# My uncle found this very suspicious acting fella... i need a name for him!



## Paco Dennis (Aug 10, 2021)

Posted by
u/bunbubble







Scruffles


----------



## SmoothSeas (Aug 10, 2021)

what a precious baby...

some years back, a friend had a kitten that looked just like that, she'd named him Ivan the Terrible.  that loving little terror certainty lived up to his name...


----------



## Judycat (Aug 10, 2021)

Malware.


----------



## timoc (Aug 10, 2021)

Paco Dennis said:


> Scruffles


Si, Senor, my name is El Pablo.


----------



## Judycat (Aug 10, 2021)

All my cats have separate names, but they all respond to Shtinky, no doubt this one will too.


----------



## Devi (Aug 10, 2021)

Oooh, I remember those kitten claws — they were like needles! And they could crawl right up your leg with them!


----------



## Shalimar (Aug 10, 2021)

Jeeves, after the imperturbable butler made famous by famous British writer PG Wodehouse.

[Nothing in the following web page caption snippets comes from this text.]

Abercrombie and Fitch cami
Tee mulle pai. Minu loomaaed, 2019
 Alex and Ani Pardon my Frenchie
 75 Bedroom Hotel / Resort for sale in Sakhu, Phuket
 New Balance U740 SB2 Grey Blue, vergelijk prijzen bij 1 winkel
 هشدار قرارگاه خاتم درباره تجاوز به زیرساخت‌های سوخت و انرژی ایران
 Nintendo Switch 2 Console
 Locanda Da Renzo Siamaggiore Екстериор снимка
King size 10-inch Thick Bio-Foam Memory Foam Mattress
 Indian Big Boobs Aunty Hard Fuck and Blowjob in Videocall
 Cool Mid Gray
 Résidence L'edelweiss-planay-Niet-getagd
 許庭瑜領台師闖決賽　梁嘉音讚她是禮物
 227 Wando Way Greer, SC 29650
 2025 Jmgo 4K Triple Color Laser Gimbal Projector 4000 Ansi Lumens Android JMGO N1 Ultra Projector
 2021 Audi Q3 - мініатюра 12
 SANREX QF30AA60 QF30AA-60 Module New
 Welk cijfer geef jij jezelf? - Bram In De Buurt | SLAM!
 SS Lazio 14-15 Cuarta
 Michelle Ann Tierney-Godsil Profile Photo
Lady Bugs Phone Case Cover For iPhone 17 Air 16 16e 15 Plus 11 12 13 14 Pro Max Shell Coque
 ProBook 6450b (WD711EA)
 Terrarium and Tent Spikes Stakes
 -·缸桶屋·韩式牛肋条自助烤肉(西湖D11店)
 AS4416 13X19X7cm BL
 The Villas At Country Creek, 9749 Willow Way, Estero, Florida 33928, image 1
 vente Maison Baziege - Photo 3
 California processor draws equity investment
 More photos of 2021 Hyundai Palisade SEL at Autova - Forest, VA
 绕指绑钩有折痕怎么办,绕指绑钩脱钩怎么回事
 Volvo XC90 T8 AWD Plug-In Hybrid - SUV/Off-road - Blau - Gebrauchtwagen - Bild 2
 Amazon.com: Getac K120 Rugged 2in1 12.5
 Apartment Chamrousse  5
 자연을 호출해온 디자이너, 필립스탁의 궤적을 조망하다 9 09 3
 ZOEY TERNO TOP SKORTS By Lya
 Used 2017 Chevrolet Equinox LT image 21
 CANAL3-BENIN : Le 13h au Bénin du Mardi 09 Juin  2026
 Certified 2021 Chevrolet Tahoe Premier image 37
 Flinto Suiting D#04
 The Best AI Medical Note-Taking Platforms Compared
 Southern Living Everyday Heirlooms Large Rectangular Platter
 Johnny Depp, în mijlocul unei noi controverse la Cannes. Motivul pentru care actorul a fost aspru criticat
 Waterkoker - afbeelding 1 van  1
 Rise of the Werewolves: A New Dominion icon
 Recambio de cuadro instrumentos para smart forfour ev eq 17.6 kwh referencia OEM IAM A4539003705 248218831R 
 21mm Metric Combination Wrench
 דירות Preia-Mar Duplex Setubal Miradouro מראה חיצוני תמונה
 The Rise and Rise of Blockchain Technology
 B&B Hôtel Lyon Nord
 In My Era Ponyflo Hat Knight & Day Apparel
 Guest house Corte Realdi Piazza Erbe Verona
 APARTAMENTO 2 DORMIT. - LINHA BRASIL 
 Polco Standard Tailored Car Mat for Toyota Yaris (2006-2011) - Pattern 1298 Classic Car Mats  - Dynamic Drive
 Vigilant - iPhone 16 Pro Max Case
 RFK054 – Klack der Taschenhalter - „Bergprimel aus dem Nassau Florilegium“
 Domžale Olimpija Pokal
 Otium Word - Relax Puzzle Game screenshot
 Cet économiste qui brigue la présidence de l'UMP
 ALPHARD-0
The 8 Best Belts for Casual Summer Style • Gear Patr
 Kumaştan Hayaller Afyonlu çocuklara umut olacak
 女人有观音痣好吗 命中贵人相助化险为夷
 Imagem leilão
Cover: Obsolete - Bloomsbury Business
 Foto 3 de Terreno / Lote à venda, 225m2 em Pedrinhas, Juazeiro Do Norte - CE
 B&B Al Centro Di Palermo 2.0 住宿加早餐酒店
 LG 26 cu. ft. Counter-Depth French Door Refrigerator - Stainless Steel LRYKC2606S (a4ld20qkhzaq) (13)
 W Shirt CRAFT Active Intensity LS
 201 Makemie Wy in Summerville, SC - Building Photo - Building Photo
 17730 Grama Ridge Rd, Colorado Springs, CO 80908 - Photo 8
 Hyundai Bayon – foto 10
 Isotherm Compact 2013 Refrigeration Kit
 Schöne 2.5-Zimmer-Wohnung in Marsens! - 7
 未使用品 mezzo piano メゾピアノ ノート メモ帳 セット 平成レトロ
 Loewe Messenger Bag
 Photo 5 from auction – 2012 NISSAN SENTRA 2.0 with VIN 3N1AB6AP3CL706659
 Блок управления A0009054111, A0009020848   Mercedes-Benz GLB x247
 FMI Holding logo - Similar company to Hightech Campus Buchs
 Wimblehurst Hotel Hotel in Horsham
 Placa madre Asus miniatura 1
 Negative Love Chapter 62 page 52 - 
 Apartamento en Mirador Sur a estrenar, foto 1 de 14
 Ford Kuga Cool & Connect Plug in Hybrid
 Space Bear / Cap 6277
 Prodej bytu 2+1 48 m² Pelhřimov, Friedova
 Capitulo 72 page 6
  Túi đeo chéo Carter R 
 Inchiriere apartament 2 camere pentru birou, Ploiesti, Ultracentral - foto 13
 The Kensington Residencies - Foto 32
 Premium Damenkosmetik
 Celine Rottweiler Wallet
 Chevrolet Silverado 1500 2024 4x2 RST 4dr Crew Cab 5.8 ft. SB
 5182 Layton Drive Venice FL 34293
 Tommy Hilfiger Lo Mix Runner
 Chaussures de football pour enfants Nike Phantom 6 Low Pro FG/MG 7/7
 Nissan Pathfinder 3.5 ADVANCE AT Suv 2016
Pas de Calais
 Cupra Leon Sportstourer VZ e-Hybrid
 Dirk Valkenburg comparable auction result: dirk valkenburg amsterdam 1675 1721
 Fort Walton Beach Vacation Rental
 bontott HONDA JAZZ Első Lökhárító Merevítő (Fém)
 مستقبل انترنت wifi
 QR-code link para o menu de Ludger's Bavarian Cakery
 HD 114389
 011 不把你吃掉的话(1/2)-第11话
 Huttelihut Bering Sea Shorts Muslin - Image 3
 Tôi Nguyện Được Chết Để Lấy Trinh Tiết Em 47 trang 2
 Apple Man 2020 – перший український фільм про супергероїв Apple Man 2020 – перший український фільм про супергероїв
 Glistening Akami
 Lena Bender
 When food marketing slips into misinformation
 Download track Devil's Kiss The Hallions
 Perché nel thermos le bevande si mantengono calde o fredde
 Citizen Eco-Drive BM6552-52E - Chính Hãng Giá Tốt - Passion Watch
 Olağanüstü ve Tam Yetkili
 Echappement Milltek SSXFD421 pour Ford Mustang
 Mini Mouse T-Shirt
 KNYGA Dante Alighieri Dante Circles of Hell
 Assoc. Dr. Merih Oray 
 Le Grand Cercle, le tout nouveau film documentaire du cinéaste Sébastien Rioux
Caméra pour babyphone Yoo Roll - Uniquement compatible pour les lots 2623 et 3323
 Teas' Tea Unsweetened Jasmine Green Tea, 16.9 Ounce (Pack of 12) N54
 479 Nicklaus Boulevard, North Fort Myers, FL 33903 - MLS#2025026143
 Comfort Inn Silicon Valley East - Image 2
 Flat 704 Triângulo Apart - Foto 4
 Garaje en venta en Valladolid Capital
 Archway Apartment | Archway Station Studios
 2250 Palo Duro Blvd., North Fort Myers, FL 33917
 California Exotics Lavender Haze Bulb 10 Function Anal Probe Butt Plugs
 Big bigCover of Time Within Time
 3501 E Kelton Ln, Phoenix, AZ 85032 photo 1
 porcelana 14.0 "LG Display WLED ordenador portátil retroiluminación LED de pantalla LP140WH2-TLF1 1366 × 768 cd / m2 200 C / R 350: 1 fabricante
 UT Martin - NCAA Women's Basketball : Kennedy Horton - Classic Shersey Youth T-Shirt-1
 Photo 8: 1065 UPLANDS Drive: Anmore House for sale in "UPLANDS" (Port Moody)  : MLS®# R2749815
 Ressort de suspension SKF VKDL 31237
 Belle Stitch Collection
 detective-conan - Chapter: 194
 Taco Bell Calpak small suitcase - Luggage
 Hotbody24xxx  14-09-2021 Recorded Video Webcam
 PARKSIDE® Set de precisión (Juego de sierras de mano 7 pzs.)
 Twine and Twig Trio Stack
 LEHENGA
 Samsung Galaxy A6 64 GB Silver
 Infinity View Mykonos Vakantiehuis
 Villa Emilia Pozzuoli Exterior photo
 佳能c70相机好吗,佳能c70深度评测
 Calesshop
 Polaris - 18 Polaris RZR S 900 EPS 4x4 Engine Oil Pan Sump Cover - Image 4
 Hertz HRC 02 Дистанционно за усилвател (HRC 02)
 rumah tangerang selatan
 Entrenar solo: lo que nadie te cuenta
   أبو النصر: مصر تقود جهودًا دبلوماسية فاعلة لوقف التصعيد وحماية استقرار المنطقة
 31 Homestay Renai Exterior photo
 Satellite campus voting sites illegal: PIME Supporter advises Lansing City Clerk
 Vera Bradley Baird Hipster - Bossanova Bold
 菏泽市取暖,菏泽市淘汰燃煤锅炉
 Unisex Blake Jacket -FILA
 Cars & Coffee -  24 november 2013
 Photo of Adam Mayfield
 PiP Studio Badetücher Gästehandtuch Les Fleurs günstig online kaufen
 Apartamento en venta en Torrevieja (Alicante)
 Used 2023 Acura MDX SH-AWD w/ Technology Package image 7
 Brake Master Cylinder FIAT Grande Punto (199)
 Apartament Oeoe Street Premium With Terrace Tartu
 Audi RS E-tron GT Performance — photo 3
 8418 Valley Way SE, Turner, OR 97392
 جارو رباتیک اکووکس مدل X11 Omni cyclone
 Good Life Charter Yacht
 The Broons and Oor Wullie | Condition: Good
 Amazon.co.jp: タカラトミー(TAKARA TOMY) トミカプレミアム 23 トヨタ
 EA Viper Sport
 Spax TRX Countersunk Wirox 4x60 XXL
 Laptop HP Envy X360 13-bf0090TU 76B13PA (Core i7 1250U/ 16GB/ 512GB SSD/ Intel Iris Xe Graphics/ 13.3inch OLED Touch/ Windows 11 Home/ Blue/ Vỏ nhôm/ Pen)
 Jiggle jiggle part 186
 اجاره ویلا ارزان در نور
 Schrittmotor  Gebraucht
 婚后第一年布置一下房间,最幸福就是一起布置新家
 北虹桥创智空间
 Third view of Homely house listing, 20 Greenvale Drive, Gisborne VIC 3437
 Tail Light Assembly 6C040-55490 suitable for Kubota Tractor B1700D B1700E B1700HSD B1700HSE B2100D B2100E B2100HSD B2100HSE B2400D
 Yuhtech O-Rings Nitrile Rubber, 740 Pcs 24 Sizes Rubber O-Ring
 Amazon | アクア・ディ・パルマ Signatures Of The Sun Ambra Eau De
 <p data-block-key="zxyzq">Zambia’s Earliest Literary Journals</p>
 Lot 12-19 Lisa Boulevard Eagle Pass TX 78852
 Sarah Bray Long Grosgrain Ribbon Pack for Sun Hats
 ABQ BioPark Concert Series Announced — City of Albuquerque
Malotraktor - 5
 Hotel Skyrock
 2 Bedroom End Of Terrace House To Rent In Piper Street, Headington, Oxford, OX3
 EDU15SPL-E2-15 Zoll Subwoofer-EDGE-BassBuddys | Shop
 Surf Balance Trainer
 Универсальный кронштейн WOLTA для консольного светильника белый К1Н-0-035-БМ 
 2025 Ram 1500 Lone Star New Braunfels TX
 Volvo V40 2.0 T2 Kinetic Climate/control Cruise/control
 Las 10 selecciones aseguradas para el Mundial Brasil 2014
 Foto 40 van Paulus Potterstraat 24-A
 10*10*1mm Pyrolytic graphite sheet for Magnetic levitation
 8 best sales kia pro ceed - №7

Hilarious books.
I once had a black and white cat of that name.


----------



## Lara (Aug 10, 2021)

Fang or Terminator
`


----------



## PamfromTx (Aug 10, 2021)

Being that he resembles a Tuxedo Cat, I'd name him, "Tux".


----------



## Lara (Aug 10, 2021)

Sunshine or Angel


----------



## Llynn (Aug 10, 2021)

Big schnoz on that critter. I'd name him Durante.


----------



## Gaer (Aug 10, 2021)

Rascal


----------



## Wren (Aug 10, 2021)

He looks really streetwise,  you wouldn’t mess with him !  

I’d call him Bruiser


----------



## AprilSun (Aug 11, 2021)

I'd name him Patches.


----------